There were five-and-a-half months between my first and second Firestation Book Swaps; but only two weeks between my second and third. Well, I reasoned, they don’t come to London very often, so I’ll go whenever I can. Back I went, then, to the London Review Bookshop (which, let me tell you, is a dangerous place to go browsing when you don’t really want to buy anything – so many interesting books!), where hosts Marie Phillips and Robbie Hudson (Scott Pack not being available for this one) welcomed William Fiennes (whom I remember from Picador Day at Foyles last year) and Nikesh Shukla (whose Coconut Unlimited was one of my favourite reads of 2010).
Marie began by distributing pens and paper to the audience for them to write their questions (mine was ‘Is February a better month than January?’ – alas, it wasn’t used), and explained how the swapping process worked – using One Day by David Nicholls as one of the hypothetical books, because, she said, someone always brings a copy of that to the Book Swap.
At this point, Marie paused and asked who had brought One Day with them this time.
But no one had.
And the logical impossibility of this caused the universe to spontaneously self-destruct.

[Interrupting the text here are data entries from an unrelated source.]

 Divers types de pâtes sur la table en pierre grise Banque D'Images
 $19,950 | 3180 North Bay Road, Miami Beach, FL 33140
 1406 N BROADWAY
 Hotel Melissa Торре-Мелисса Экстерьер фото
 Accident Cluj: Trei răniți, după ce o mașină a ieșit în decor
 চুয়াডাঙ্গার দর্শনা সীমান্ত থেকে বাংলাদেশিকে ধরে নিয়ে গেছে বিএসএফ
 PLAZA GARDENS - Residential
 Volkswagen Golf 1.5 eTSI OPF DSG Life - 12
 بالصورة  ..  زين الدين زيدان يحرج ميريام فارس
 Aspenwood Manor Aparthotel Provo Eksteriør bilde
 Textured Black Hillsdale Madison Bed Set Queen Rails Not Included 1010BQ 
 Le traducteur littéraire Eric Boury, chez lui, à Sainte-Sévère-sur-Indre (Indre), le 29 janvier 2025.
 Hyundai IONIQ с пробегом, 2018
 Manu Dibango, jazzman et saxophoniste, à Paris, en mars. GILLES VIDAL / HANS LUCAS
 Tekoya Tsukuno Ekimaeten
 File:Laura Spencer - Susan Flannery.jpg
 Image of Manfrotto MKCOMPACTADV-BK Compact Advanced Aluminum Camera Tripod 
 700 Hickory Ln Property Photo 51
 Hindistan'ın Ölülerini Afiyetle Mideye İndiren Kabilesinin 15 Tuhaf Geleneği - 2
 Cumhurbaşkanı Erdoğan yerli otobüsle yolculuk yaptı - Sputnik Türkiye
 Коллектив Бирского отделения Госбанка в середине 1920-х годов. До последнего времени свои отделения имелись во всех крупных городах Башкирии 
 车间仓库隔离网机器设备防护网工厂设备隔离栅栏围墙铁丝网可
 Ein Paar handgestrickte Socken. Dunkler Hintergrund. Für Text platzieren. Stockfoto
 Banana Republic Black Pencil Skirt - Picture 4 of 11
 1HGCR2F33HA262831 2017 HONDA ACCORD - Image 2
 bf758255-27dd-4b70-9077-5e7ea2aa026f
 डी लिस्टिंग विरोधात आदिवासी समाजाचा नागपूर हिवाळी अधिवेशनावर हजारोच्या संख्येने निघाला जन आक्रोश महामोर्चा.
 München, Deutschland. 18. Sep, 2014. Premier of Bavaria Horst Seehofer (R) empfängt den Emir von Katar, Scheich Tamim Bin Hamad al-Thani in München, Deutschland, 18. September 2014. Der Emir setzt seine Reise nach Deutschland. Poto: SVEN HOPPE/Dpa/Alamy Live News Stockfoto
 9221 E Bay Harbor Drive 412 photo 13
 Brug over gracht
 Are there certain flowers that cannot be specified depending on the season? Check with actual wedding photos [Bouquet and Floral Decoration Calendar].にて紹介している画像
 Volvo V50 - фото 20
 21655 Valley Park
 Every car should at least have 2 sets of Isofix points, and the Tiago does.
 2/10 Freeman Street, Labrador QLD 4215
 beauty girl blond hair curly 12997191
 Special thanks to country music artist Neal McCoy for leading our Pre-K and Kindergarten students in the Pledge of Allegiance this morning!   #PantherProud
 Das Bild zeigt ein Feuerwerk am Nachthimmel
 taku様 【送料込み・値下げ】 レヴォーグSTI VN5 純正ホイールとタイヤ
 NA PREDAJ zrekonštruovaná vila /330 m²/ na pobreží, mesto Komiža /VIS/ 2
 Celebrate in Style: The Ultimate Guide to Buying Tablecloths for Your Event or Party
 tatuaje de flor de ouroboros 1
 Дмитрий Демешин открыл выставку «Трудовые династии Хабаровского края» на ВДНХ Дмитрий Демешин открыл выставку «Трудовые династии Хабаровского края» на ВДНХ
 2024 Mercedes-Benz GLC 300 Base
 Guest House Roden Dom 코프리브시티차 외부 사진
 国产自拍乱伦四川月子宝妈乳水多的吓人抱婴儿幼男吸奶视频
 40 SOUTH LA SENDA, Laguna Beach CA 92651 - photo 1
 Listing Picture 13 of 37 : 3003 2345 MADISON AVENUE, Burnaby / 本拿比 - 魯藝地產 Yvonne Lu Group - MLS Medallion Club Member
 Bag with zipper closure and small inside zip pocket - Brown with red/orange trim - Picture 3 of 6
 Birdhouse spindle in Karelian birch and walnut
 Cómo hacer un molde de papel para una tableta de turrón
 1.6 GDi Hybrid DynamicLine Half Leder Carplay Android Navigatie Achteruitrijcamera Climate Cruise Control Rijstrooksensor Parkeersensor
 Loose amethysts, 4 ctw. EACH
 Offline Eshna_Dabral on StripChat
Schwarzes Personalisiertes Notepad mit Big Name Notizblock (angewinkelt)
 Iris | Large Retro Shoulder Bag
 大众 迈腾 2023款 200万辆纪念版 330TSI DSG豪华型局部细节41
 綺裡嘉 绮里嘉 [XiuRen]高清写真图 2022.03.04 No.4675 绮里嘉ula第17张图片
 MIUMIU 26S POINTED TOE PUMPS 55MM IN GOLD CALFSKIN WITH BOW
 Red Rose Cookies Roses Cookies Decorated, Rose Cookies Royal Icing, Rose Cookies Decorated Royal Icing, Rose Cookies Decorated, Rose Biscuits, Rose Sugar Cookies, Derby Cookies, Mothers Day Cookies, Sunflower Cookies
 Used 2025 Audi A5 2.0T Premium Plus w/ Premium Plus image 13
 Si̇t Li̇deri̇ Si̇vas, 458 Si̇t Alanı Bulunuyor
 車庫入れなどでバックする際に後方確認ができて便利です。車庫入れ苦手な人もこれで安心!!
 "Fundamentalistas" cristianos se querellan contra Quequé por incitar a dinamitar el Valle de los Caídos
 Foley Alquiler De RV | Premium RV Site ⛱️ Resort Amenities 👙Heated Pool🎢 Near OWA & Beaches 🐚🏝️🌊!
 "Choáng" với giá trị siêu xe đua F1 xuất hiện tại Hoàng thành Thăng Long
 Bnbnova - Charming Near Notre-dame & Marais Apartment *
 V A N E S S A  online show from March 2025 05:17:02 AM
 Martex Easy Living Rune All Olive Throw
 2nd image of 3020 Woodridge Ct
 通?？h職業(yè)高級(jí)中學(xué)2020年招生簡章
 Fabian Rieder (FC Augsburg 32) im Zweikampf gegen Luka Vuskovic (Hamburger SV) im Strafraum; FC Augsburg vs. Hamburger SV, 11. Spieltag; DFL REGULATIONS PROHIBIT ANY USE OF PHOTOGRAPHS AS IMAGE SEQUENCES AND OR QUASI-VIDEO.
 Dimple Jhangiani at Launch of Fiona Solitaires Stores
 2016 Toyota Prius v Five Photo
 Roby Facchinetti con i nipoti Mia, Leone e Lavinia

Not really; I’m joking – but it is true that no one had brought a copy of One Day. I have to say, there were some epic swaps tonight: Will Fiennes had something like six offers of swaps for his copy of The Complete Cosmicomics by Italo Calvino (in the end, he chose a book of Frank O’Connor short stories); and I got three offers for my copy of Jasper Fforde’s The Eyre Affair – The Great Gatsby (which I already have); Ordinary Thunderstorms by William Boyd (which I don’t); and the one I went for, The Cat in the Coffin by Mariko Koike. I’d never heard of the book, or its author; but, for me, part of the point of going to Book Swap is the chance to be introduced to unfamiliar books and writers.
The conversation was the usual eclectic mix, with questions ranging from ‘What would your hip-hop name be?’ to ‘Which is your favourite foot?’ And it was great to meet Nikesh in person, along with his felliow Quartet author Gavin James Bower, who introduced me to another writer, Niven Govinden, whose work I shall now also be investigating. A great evening, as always.